Pour tenter de limiter la casse, et ne pas dépasser +2,5°C, les émissions de gaz à effet de serre devront atteindre leur pic en 2025. Mais une telle perspective parait improbable, la trajectoire étant repartie à la hausse dès 2021. Dans les cinq années suivantes, ces mêmes émissions devraient être réduites de près de moitié par rapport à leur niveau pré-pandémique de 2019.
36 à 45%
Selon le Giec, les ménages avec les 10% des plus hauts revenus dans le monde - dont les deux tiers vivent dans des pays développés - représentent à eux seuls entre 36% et 45% des émissions totales de gaz à effet de serre.
En outre, les émissions liées au mode de vie des classes moyennes et défavorisées des pays développés sont de 5 à 50 fois plus élevées que celles de leurs homologues dans les pays en développement, alertent les experts.

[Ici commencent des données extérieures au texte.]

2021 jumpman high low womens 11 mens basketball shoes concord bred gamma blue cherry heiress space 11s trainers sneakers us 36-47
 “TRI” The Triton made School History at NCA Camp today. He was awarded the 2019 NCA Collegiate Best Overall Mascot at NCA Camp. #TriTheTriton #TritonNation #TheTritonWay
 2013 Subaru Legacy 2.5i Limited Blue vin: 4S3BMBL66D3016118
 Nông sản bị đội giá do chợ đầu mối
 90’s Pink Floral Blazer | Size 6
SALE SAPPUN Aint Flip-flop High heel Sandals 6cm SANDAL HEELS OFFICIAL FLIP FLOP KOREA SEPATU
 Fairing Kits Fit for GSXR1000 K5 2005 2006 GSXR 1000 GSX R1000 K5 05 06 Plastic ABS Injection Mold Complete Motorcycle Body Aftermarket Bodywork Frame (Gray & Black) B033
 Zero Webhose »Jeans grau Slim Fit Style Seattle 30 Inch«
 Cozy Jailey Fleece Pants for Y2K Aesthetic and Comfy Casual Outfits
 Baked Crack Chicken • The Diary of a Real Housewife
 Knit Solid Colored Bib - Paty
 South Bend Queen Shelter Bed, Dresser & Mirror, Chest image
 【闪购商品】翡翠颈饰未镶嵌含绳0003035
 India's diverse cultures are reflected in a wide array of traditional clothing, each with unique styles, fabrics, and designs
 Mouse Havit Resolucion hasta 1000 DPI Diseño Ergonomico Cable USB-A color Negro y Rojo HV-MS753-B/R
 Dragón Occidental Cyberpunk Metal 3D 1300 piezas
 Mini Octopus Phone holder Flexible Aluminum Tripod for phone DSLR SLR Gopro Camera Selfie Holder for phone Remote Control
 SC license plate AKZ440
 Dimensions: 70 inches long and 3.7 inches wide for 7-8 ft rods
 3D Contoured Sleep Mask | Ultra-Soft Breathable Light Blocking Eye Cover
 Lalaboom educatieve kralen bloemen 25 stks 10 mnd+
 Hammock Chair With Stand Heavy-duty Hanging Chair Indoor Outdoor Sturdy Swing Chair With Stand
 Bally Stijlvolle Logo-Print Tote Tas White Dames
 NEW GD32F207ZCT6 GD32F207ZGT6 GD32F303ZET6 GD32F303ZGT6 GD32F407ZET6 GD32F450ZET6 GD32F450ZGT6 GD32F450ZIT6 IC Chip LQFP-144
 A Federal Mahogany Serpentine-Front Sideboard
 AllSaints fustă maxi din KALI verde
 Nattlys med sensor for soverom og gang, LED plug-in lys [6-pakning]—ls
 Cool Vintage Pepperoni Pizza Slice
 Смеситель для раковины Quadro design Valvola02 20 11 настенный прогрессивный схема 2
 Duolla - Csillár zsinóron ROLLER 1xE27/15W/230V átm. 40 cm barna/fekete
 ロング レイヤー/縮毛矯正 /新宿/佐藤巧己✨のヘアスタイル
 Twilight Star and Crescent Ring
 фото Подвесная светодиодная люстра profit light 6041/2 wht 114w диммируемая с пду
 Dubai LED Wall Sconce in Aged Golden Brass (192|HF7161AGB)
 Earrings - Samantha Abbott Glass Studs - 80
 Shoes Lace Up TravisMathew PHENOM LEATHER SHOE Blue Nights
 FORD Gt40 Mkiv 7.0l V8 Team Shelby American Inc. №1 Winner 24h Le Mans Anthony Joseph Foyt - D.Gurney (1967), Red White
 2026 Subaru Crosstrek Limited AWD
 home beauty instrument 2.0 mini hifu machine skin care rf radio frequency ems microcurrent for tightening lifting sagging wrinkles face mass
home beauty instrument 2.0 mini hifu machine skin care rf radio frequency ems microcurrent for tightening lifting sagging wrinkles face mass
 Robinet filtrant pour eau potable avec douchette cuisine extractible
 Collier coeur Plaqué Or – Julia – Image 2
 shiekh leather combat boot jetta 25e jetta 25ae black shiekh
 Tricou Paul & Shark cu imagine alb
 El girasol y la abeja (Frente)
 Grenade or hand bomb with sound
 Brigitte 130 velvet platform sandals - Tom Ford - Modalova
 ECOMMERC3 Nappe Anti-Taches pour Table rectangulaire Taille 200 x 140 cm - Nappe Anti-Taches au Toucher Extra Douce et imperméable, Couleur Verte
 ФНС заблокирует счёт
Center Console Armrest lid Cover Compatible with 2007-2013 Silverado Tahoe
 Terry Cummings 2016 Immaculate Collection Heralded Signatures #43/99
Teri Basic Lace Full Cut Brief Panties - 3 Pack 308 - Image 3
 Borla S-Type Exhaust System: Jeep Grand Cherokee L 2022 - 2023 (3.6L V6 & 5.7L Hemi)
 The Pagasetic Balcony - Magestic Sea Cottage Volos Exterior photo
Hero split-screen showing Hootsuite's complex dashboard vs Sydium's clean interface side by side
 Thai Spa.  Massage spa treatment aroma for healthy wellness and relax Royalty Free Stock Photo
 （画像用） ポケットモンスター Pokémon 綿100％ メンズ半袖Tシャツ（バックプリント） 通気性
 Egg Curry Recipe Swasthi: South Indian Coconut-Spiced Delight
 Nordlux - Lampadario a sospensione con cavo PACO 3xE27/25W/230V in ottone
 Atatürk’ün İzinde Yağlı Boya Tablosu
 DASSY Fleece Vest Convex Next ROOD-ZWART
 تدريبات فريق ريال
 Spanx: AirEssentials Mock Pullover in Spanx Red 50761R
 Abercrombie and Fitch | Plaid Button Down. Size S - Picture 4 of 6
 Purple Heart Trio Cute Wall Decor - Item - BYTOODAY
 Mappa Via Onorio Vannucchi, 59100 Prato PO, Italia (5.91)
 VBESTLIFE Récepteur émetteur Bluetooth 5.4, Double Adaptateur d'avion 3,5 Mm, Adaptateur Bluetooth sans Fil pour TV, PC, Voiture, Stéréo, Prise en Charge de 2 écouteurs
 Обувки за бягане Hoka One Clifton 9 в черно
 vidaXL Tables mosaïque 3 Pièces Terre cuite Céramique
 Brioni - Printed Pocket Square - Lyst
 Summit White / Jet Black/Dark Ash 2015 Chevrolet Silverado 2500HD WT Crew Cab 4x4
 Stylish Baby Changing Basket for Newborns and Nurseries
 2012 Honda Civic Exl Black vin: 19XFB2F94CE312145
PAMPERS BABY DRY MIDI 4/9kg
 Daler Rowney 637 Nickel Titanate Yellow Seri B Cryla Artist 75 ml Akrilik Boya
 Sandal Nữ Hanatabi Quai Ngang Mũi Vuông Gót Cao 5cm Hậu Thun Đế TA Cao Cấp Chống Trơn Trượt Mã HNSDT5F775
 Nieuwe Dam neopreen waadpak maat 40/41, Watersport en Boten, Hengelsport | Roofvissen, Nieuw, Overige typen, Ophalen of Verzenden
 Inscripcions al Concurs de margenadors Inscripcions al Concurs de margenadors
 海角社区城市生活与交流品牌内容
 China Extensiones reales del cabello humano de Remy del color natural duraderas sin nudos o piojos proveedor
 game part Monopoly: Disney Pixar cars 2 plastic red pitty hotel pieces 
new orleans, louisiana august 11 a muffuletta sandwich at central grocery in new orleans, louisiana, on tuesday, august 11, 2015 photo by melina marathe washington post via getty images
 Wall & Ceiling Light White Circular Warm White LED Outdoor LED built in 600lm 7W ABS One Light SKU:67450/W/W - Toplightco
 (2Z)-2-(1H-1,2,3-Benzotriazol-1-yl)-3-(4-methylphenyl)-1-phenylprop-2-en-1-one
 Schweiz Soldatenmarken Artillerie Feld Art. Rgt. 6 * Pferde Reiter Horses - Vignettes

Ce sont donc les pays les plus aisés qui doivent fournir les efforts les plus importants pour inverser la trajectoire actuelle qui mène la planète à la catastrophe.
60% et 70%
Dans son rapport, le Giec détaille une série de mesures à prendre pour enrayer le cycle infernal. En premier lieu, l'utilisation des énergies fossiles doit être drastiquement réduite d'ici à 2050. Sans capture de carbone - une technologie encore non mature à grande échelle -, le charbon devrait être totalement abandonné avant cette échéance. De même, les usages du pétrole et du gaz doivent être abaissés de 60% et 70%, respectivement. Tenir +2°C suppose que 30% des réserves de pétrole, 50% de celles de gaz et 80% des celles de charbon ne soient pas utilisées, résument les experts.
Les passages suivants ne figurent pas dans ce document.